Pinochet’s Disappeared Children: ‘The Chilean Building’

“I spent my days as one of the Disappeared in a children’s home,” says Macarena Aguiló at the start of The Chilean Building (El edificio de los Chilenos). “There were many girls playing in a large courtyard.”

As she speaks, you see photos of children, in a courtyard, at play, seemingly familiar. And yet it’s hard not to feel chilled by the term she’s used, the Disappeared. For her and her young cohorts, that means Augusto Pinochet, whose regime in Chile disappeared almost 3,000 opponents during the 1970s and ’80s, imprisoning and exiling many others. Aguiló was a child of parents who resisted, in their case, working with the Revolutionary Left Movement (Spanish Movimiento de Izquierda Revolucionaria, or the MIR).

Aguiló was at one point “used as a hostage by the National Intelligence Agency (DINA) to achieve her father’s surrender,” as an archival TV report tells you. “I was playing in my front yard when they came for me and put me in a truck,” she remembers, “We drove around for a while.” Her father did not give himself up (though, as he recalls here, this decision was traumatizing), and she was eventually released. Her parents then took another decision, sending her away, along with other children of MIR parents, first to Paris and then to the Chilean House, in Cuba.

As she recounts in her superb documentary, the Project House accommodated some 60 children, all assigned to “social families.” These were headed by about 20 adults serving the rebellion as foster parents while their counterparts remained in Chile, fighting, being imprisoned and tortured, being killed. Aguiló interviews her social father and social brothers and sisters, as well as her biological parents, patching together memories that are sometimes similar and coherent, and other times jarringly fragmented. The film — screening this week at the Maysles Cinema — is at once evocative and unnerving, a look back at a mostly unknown history, one rendered here, appropriately, in impressions, vivid or hazy, painful or pleasant.
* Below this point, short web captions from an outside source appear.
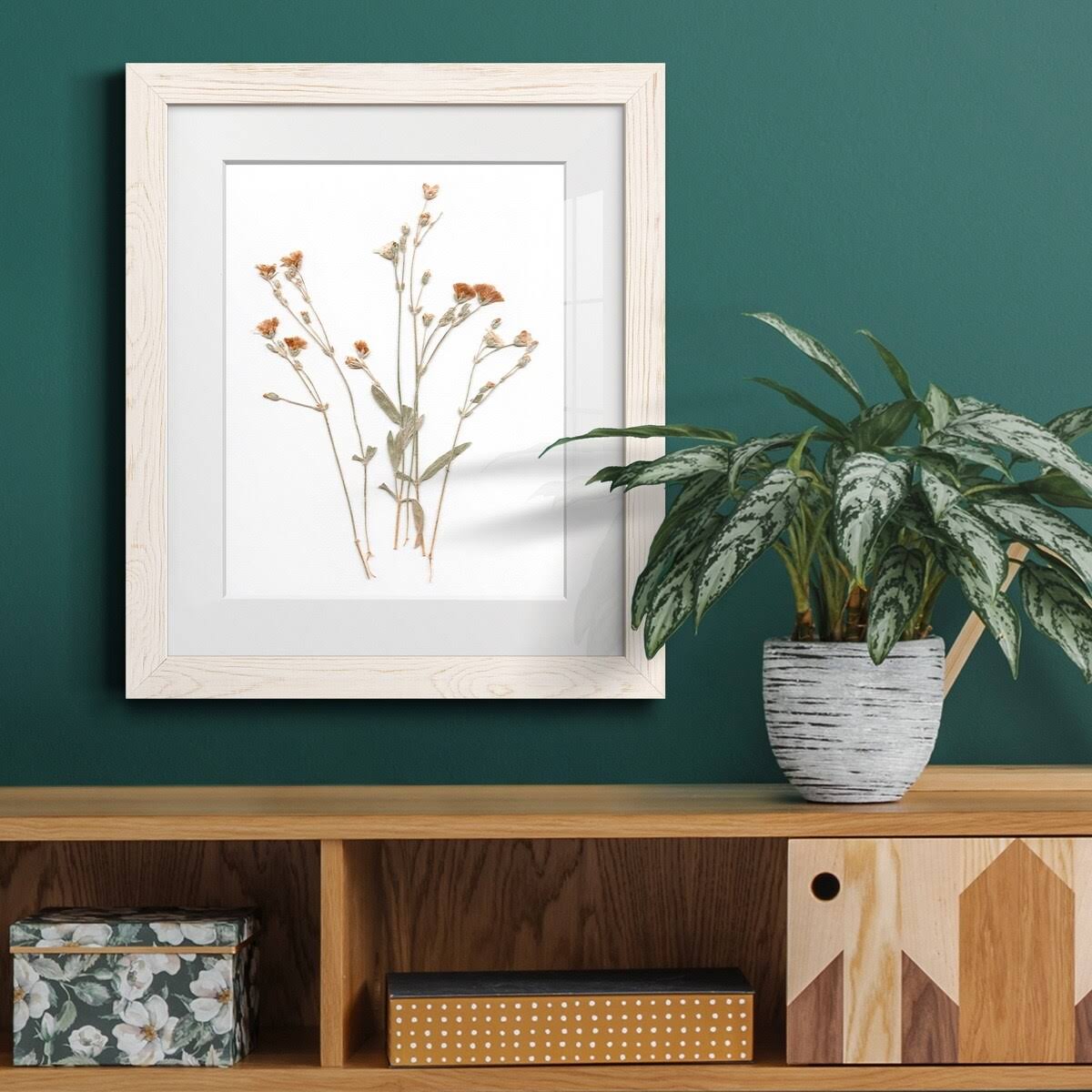 Framed Print U143796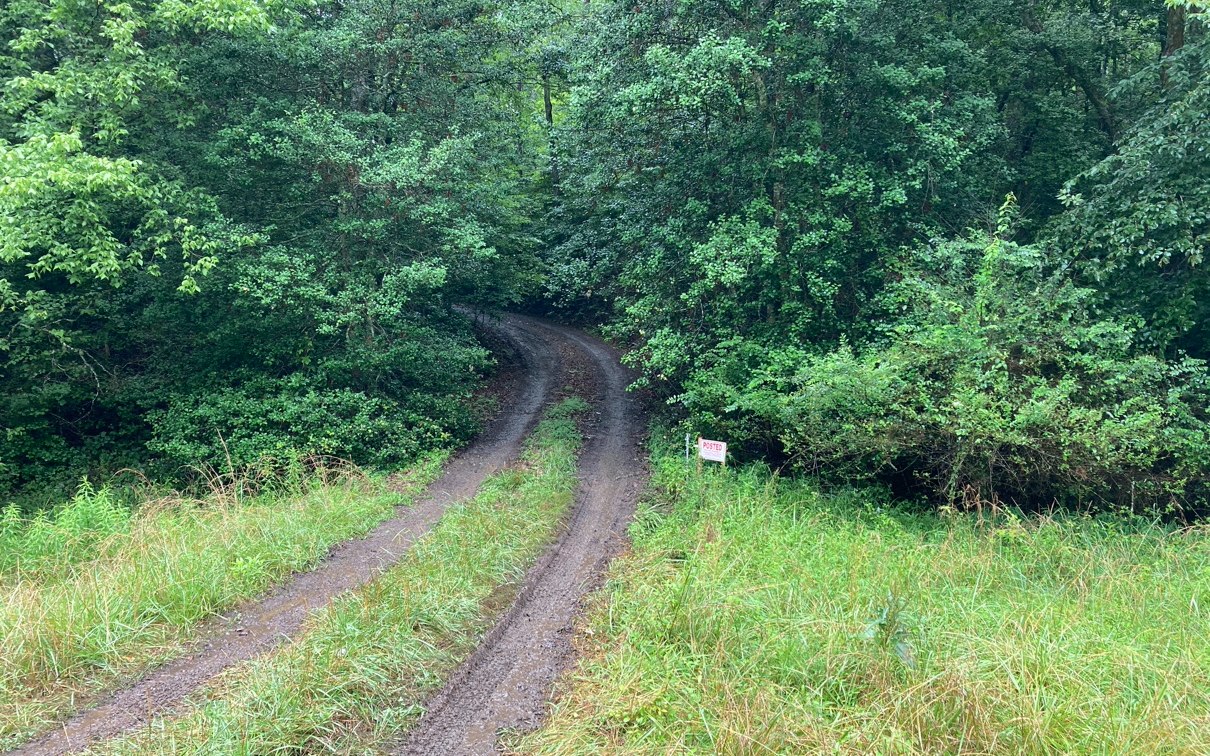 451 Johnson Road Murphy, NC 28906 - Photo 30 of 31 Additional View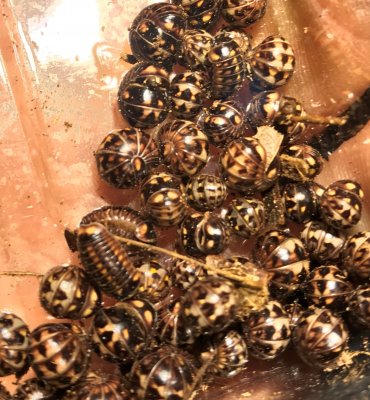 Insekten kaufen und verkaufen Foto: Porcellio buddelundi 12ks 92eurPorcellio werneri 12ks 80eurPorcellio Insekten kaufen und verkaufen Foto: Porcellio buddelundi 12ks 92eurPorcellio werneri 12ks 80eurPorcellio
Such contradictions remain remarkably unresolved in The Chilean Building. It’s a smart, strikingly effective choice, as the story told reflects the story lived, so confused and confusing, so inspiring and ripe for each participant’s necessary projection. Among these, the adults recall structure and goals amid the seeming chaos. “There was a strategy involved,” says her social father (all Aguiló’s subjects are unidentified, except by the roles they describe), one based on political ideals. They wrote “a document,” her mother recalls (“Like always,” jokes her current partner, as they share a smile over the MIR’s faith in such structures). “It reflected a discussion within the MIR, the Left, and all revolutionaries, in terms of our chosen lifestyles, our relationships, our parenting, and the type of education we were struggling for.” Their ideals included the prominence of women in the movement, rather assuming they would be at home with their children: the women’s sacrifices matched those of their men; the adults worked as a collective, idealistic and committed, sharing resources and anticipating a future when families might be reunited and parents returned alive.

While Aguiló’s social father underlines the good news in this difficult situation, namely, that he has a daughter in Aguiló whom he adores (and whose parents survived), other caretakers remember how difficult their daily lives could be, as they awaited news from the front. “You have to tell little boys, when you have to tell little girls, they killed your daddy, or someone else died,” says one social mother. But, she adds, you also “tell them a story, because it’s not just that they died, they were heroes n that day, their death was heroic… and they were brave comrades.” Even now, her voice is distressed as she tells this story, the camera close on her face, which remains fierce.

If the children were mostly unaware of the politics, they certainly felt the effects of these losses and attendant anxieties, their own and those of their peers. Aguiló’s interviews with the children, now adults, are especially revealing and also difficult. Her social brother, Gilberto, now an artist, provides animation to illustrate some of their dreams and nightmares: babies dropped into homes shaped like holes in the ground, children smiling together, flying in the air, and also children filled with fear and uncertainty. “She had chosen a clear and concise action,” says one young man of his mother then, “And I could not go with her.” A woman remembers, “Our parents were over there trying to get Pinochet out, but we were also having a hard time here. We were a bit abandoned, I think.”

A bit. “I don’t know if they’re emotionally prepared to speak. I think they haven’t spoken of anything, people who haven’t spoken of their suffering. People who don’t speak about how much it hurt to lose everything, so many things,” observes one woman, “I don’t think my mom has. She feels our relationship is so fragile and the possibility of an encounter has been fragile that it’s not worth risking the tension over a conversation.” She nods. The interview ends, and the tension — wherever it’s repressed — persists. As the woman notes, this seems a mistake to her, “The need to not risk damaging that which is dangling from a very narrow thread.”

Aguiló, for her part, risks the tension. Throughout the film she returns to a case full of letters she received from her mother during her time at the Project Home, letters full of optimism but also expressing how much she misses her young daughter. Now, her mother says, “I was trying to justify myself in your eyes.” The women look closely at one another, their eyes wide open as they share the daunting impossibility of such an effort.